Nowadays, the adoption of ML methods represents a major trend in several research fields such as computer vision, bioinformatics, image recognition, natural language processing and artificial intelligence. This is mostly due to the impressive scalability that recent methods, mainly grounded on numeric approaches (also called sub-symbolic), such as embeddings and deep learning [18], have shown. This trend is also occurred in SW. Indeed, motivated by the need for scaling, many of the recent ML-based solutions, e.g. for performing link/type predictions, as well as data-intensive tasks by exploiting the Web of Data and the emerging Knowledge Graphs (KGs) as background knowledge, are mainly grounded on embeddings [11,42,45] that are methods for translating high-dimensional vectors into relatively low-dimensional spaces. Nevertheless, the important gain in terms of scalability, that ML methods for the SW are obtaining is penalizing: a) having interpretable models as a result of a learning process; b) the ability to exploit deductive (and complementary forms of) reasoning capabilities; c) the expressiveness of the SW representations and the compliance with the OWA.

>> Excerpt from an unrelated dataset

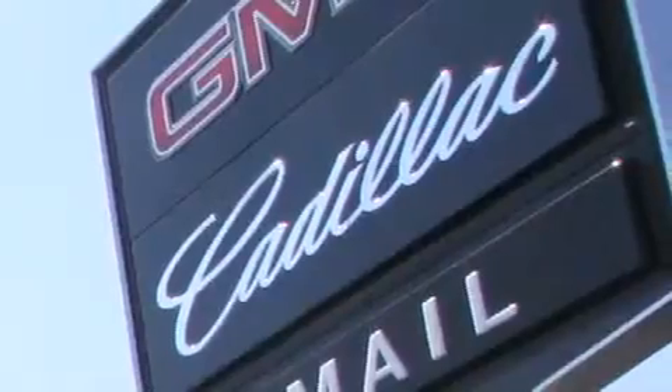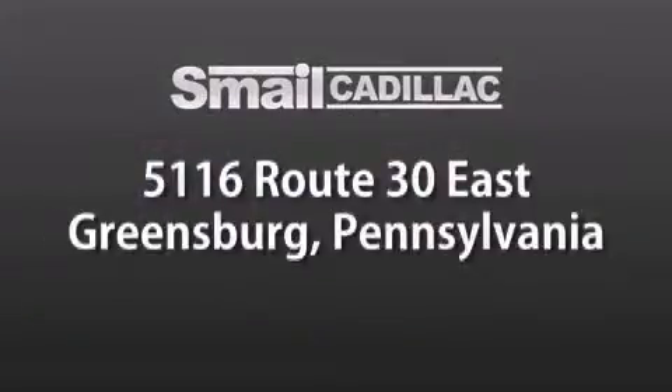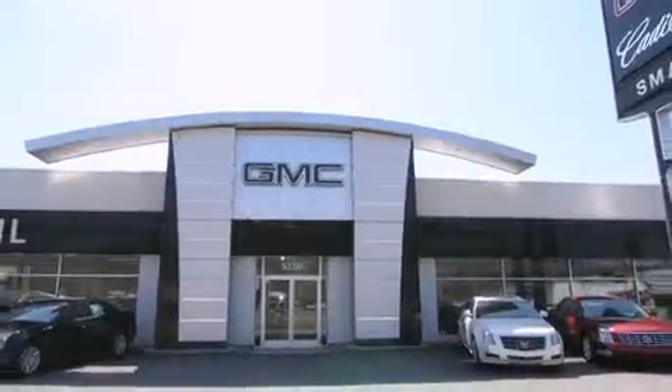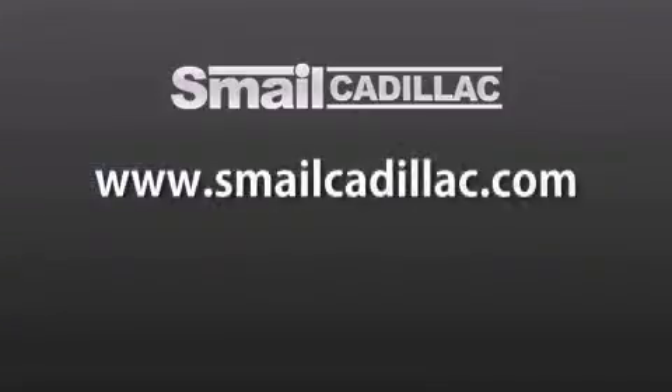Smale Cadillac is conveniently located at 5116 Route 30 East in Greensburg, just half a mile from the Westmoreland Mall. Contact us today to find out about our financing specials and leasing offers, and make sure to visit us at SmaleCadillac.com.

In the following, the main problems and ML methods that have been developed in the SW are surveyed along with the two categories: symbol-based (Section 2) and numeric-based (Section 3), hence the fundamental peculiarities and issues are discussed. The main envisioned research directions that need to be pursued for developing ML methods for the SW are illustrated in Section 4. Conclusions are drawn in Section 5.
The first efforts in developing ML methods for the SW have been devoted to solve deductive reasoning tasks over ontologies under an inductive perspective. This was motivated by the necessity of offering an alternative way to perform some forms of reasoning when deductive reasoning was not applicable, for instance because of inconsistencies within ontologies, but also for supplying a solution for reasoning in presence of incompleteness (that is when missing information with respect to a certain domain of reference is registered), and/or in presence of noise (that is when ontologies are consistent but the information therein is somehow wrong with respect to a reference domain, e.g. missing disjointness axioms, missing and/or wrong assertions). Particularly, the incompleteness of knowledge bases, both at assertional and schema level, drove the development of ML methods trying to specifically tackle this problem. The overall idea consisted in exploiting the evidence coming from assertional knowledge for drawing plausible conclusions to be possibly represented with intensional models. In the following, the tasks that received major attention are reported jointly with the analysis of the main solutions for them.
Instance retrieval
One of the first problems that has been investigated is the instance retrieval problem, which amounts at assessing if an individual is an instance of a given concept. It has been regarded as a classification problem aiming at assessing the class-membership of an individual with respect to a query concept. Similarity-based methods, such as K-Nearest Neighbor and Support Vector Machine, have been developed since they are well known to be noise tolerant [6,14,47]. This required to cope with: 1) the OWA rather than the CWA generally adopted in ML; 2) the non-disjointness of the classes (since an individual can be instance of more that one concept at the same time) while, in the usual ML setting, classes are assumed to be disjoint; 3) the definition of new similarity measures and kernel functions for exploiting the expressiveness of SW representations. Additionally, because of the OWA, new metrics for the evaluation of the classification results have been defined [14]. This is because, by using standard metrics as precision, recall and F-measure, new inductive results were deemed as mistakes whilst they could turn out to be correct inferences when judged by a knowledge engineer. The proposed solutions experimentally proved their ability to perform inductive instance retrieval when compared to a standard deductive reasoner. They also proved their ability to induce new knowledge that was not logically derivable, but they did not result fully able to work at large scale.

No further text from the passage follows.